Home | About | Sematext search-lucene.com search-hadoop.com
 Search Hadoop and all its subprojects:

Switch to Threaded View
Sqoop, mail # user - Strange distribution of keys among mappers


Copy link to this message
-
Re: Strange distribution of keys among mappers
Abraham Elmahrek 2013-06-20, 00:30
David,

It's really just a hint. So the splitters will try to hit whatever is
defined, but an extra may be created. For instance, BigDecimalSplitter will
create 4 splits for certain ranges with 3 MR tasks specified.

-Abe
On Wed, Jun 19, 2013 at 5:03 PM, David Kincaid <[EMAIL PROTECTED]>wrote:

> We don't have that set on our cluster and aren't specifying it in our job.
> When I look at the different sqoop jobs I see both 3 for some and 4 for
> others on the jobs.
>
>
> On Wed, Jun 19, 2013 at 6:50 PM, Abraham Elmahrek <[EMAIL PROTECTED]>wrote:
>
>> David,
>>
>> Well I think sqoop is looking at "mapred.map.tasks". Do you have that set
>> in mapred-site.xml? I thought that defaults to 2.
>>
>> -Abe
>>
>>
>> On Wed, Jun 19, 2013 at 4:31 PM, Abraham Elmahrek <[EMAIL PROTECTED]>wrote:
>>
>>> David,
>>>
>>> I've created https://issues.apache.org/jira/browse/SQOOP-1093 to track
>>> the documentation issue. Thanks for bringing this to the community's
>>> attention!
>>>
>>> -Abe
>>>
>>>
>>> On Wed, Jun 19, 2013 at 4:21 PM, Abraham Elmahrek <[EMAIL PROTECTED]>wrote:
>>>
>>>> Hey David,
>>>>
>>>> With oracle, the BigDecimalSplitter will be used by default for all
>>>> number types.
>>>>
>>>> -Abe
>>>>
>>>>
>>>> On Wed, Jun 19, 2013 at 4:05 PM, David Kincaid <[EMAIL PROTECTED]>wrote:
>>>>
>>>>> Abe, the database is Oracle.
>>>>>
>>>>>
>>>>> On Wed, Jun 19, 2013 at 5:48 PM, Abraham Elmahrek <[EMAIL PROTECTED]>wrote:
>>>>>
>>>>>> David,
>>>>>>
>>>>>> What database are you importing from?
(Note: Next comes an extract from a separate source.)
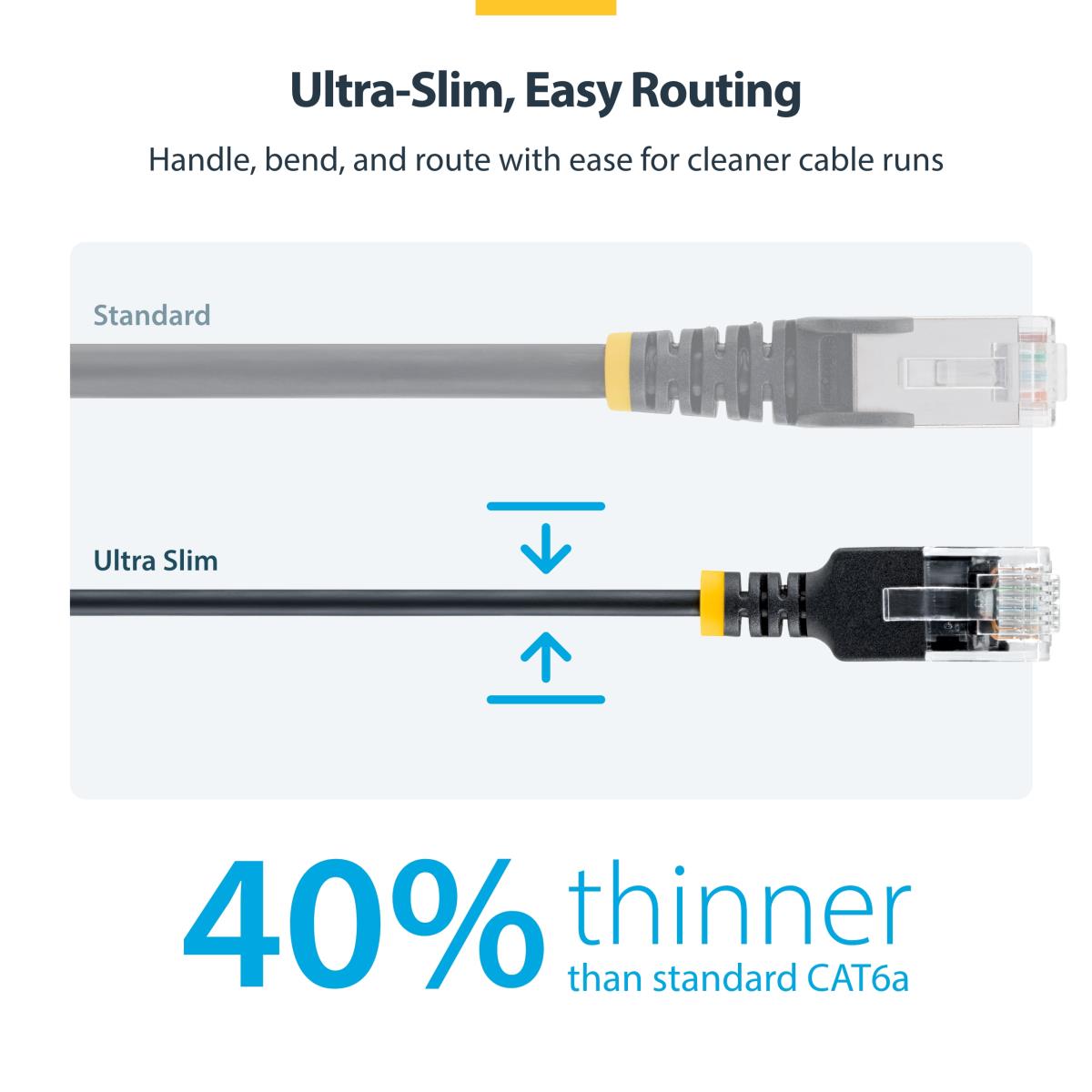 ULTRA SLIM CAT6A CABLE BLACK thumbnail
The description I gave was for
>>>>>> datatypes that map to the BigDecimal Splitter. The userguide might be
>>>>>> referring to the IntegerSplitter which will add the remainder to the last
>>>>>> value.
>>>>>>
>>>>>> -Abe
>>>>>>
>>>>>>
>>>>>> On Wed, Jun 19, 2013 at 1:23 PM, David Kincaid <
>>>>>> [EMAIL PROTECTED]> wrote:
>>>>>>
>>>>>>> Thanks. We didn't specify the number of mappers, so it's giving us
>>>>>>> 4. I understand your explanation, but it seems to conflict with the Sqoop
>>>>>>> user guide (
>>>>>>> http://sqoop.apache.org/docs/1.4.3/SqoopUserGuide.html#_controlling_parallelism
>>>>>>> ):
>>>>>>>
>>>>>>> "When performing parallel imports, Sqoop needs a criterion by which
>>>>>>> it can split the workload. Sqoop uses a *splitting column* to split
>>>>>>> the workload. By default, Sqoop will identify the primary key column (if
>>>>>>> present) in a table and use it as the splitting column. The low and high
>>>>>>> values for the splitting column are retrieved from the database, and the
>>>>>>> map tasks operate on evenly-sized components of the total range. For
>>>>>>> example, if you had a table with a primary key column of id whose
>>>>>>> minimum value was 0 and maximum value was 1000, and Sqoop was directed to
>>>>>>> use 4 tasks, Sqoop would run four processes which each execute SQL
>>>>>>> statements of the form SELECT * FROM sometable WHERE id >= lo AND
>>>>>>> id < hi, with (lo, hi) set to (0, 250), (250, 500), (500, 750), and
>>>>>>> (750, 1001) in the different tasks."
>>>>>>>
>>>>>>>
>>>>>>> On Wed, Jun 19, 2013 at 3:14 PM, Abraham Elmahrek <[EMAIL PROTECTED]>wrote:
>>>>>>>
>>>>>>>> Hey David,
>>>>>>>>
>>>>>>>> Here's the algorithm:
>>>>>>>> Split lengths are defined by (max - min)/(# mappers) and whatever
>>>>>>>> is left is tacked on at the end. So in this case, (288272191-2110)/3
>>>>>>>> = 96090027.33... So I'm assuming the .33... is rounded down and split
>>>>>>>> lengths will be of length 96090027. Sqoop will then create splits
>>>>>>>> with the following points: (min) + (range length)*(n). We can see
>>>>>>>> that 2110 + 96090027*0 = 2110, 2110 + 96090027*1 = 96092137, 2110
>>>>>>>> + 96090027*2 = 192182164, and 2110 + 96090027*3 = 288272191 will
>>>>>>>> be generated based off of this algorithm. The last point to be added will
>>>>>>>> be 288272192 because the max value is not part of the generated
>>>>>>>> split points. Then sqoop will distributed accordingly based off of these
>>>>>>>> points as you've pointed out above.